アスファルト防水のエキスパート 東西アスファルト事業協同組合
タイペイも面白い街です。何回も増築された跡がある建物が、街に溢れています。屋上には必ず違法な増築がされて、さらにその上にも増築されていく。まるで自己増殖するような街で、公的な領域と私的な領域も不分明で境界がわかりません。面積が同じアパートでも、最上階の方がその下の階の家賃より高いのは、増築ができるからです。駐車しているタクシーのボンネットだって海草干しに使ってしまうし、空いているところは何でも使うというある種のバイタリティとメカニズムに、そのおもしろさのヒントがあるように思います。

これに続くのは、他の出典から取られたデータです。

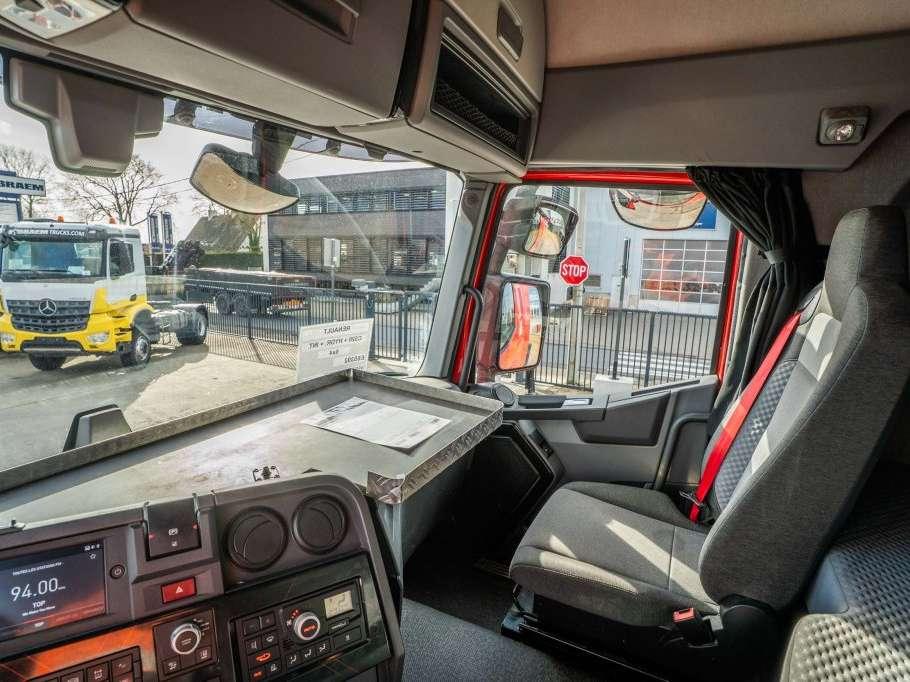 Renault C520-6x4 + HYDR. + INTARDER Photo 11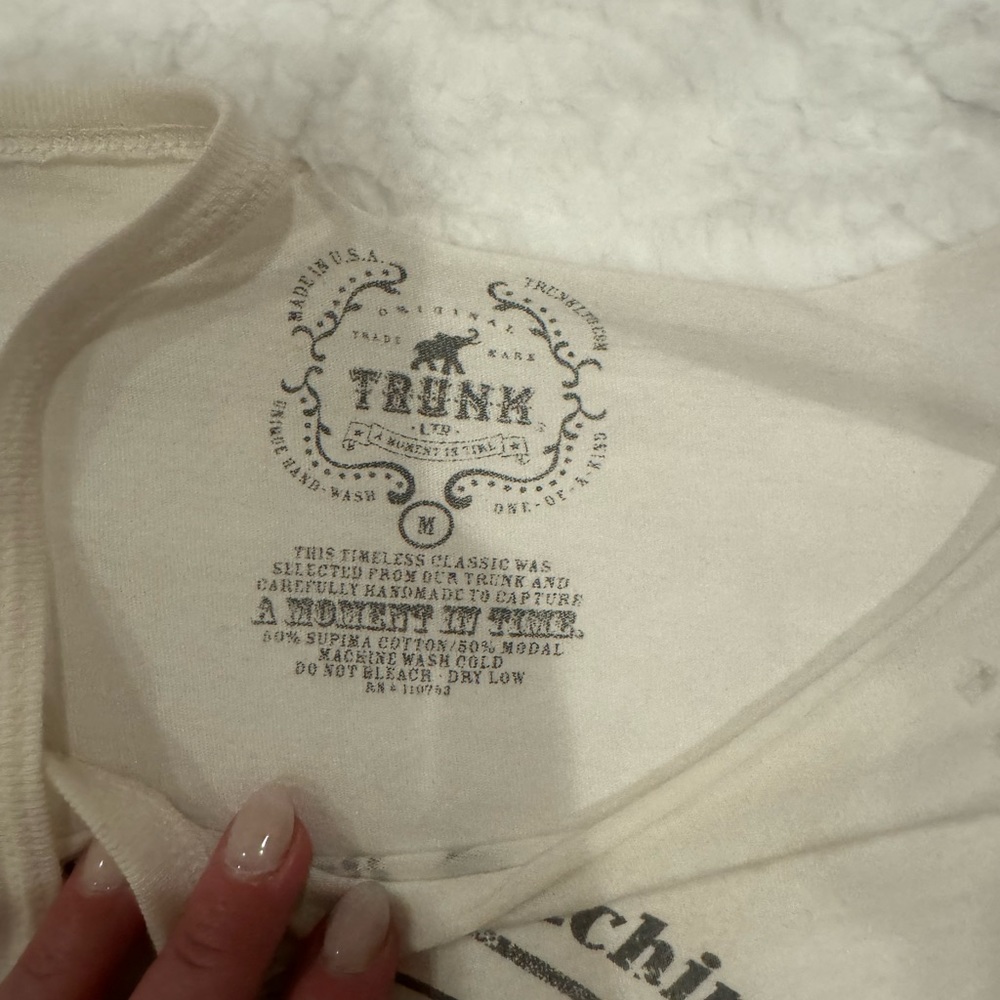 Trunk Ltd Fender distressed shirt size Medium - Picture 3 of 3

「動的な脳」の話をしましたが、都市や建築も固まったマスタープランではなく、動的に、絶えず動いている中ででき上がっていきます。「ここが空いているから使おう」とか「こういう使い方ができるんじゃないか」ということが試みられないと、脳細胞の活動は起こらないのです。その活動は誰がやっているかというと、計画者である設計者でも市役所でもありません。
使っている人がやっていることなのです。建築を使う人あるいは都市で生活する人はその中で絶えず「狭いから広げたい」とか「空いているから使いたい」という活動をしていて、それが充満することではじめて都市や建築は生きてくるのだと思います。
そうして見ると、私たち人間は建物とか都市といった固いものの中に住んでいますが、脳細胞や体の中を行ったりきたりしている血液のように見えてきます。つまり、まるで人間がヘモグロビンのように酸素を運んだり不要になった老廃物を運び出したりしているのです。壊れているところを直したり、隙間があったらそこでお店を開いたりして、絶えず人が出入りしています。逆に人がいなくなった家は荒れて壊れていきますし、人が住まなくなった都市も急速に荒廃していきます。そのメカニズムも人間が建築や都市にとって血液のようなものだと考えると非常によくわかるのではないでしょうか。